Write out the records that follow exactly. Do not include pictures.

Text-to-region grounding data:
= = = = = = =
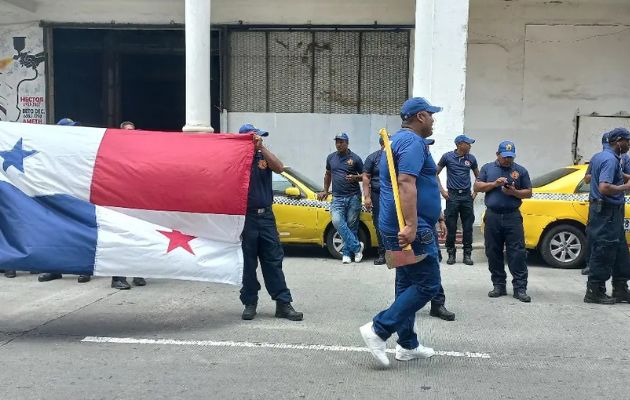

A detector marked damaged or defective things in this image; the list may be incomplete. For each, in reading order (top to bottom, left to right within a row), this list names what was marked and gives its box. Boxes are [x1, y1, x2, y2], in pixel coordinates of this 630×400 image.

peeling paint wall [466, 1, 630, 177]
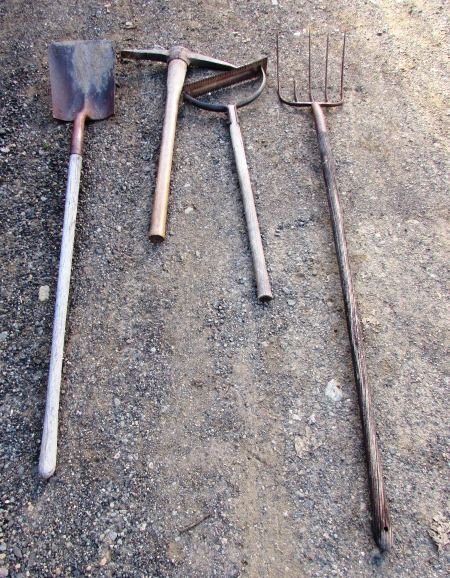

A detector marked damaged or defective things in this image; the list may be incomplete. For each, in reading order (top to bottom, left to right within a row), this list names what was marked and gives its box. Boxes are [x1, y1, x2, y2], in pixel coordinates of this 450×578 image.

rusty metal head [48, 40, 116, 122]
rusty metal head [119, 44, 236, 70]
rusty metal head [183, 58, 268, 112]
rusty metal head [276, 31, 346, 107]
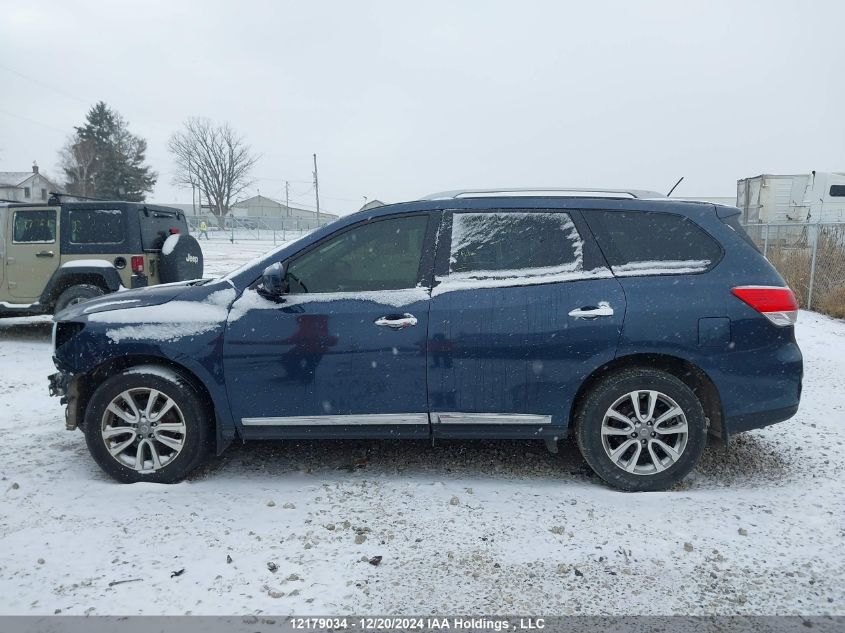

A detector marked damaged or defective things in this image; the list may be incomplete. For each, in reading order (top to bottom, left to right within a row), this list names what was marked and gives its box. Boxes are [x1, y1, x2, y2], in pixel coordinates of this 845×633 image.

damaged front bumper [47, 368, 82, 432]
= = = = = = =
WRITTEN ANSWER >>
A detector marked damaged or defective things in this image; the list may be incomplete. For each, in reading order (top to bottom, left to right within a row), this list names what was marked and gives its box. Boxes are [x1, y1, x2, y2], in pixel coordinates of this 630×400 image.

peeling paint wall [466, 1, 630, 177]

A detector marked damaged or defective things in this image; the list may be incomplete. For each, in reading order (top to bottom, left to right within a row), this list names what was marked and gives its box. Boxes are [x1, y1, x2, y2], in pixel coordinates of this 450×578 image.

rusty metal head [48, 40, 116, 122]
rusty metal head [119, 44, 236, 70]
rusty metal head [183, 58, 268, 112]
rusty metal head [276, 31, 346, 107]

A detector marked damaged or defective things in this image; the list may be incomplete. For each, in reading order (top to bottom, left to right within a row), this list names what was marked and gives its box. Boxes are [x1, y1, x2, y2], in pixel coordinates of this 845×633 image.

damaged front bumper [47, 368, 82, 432]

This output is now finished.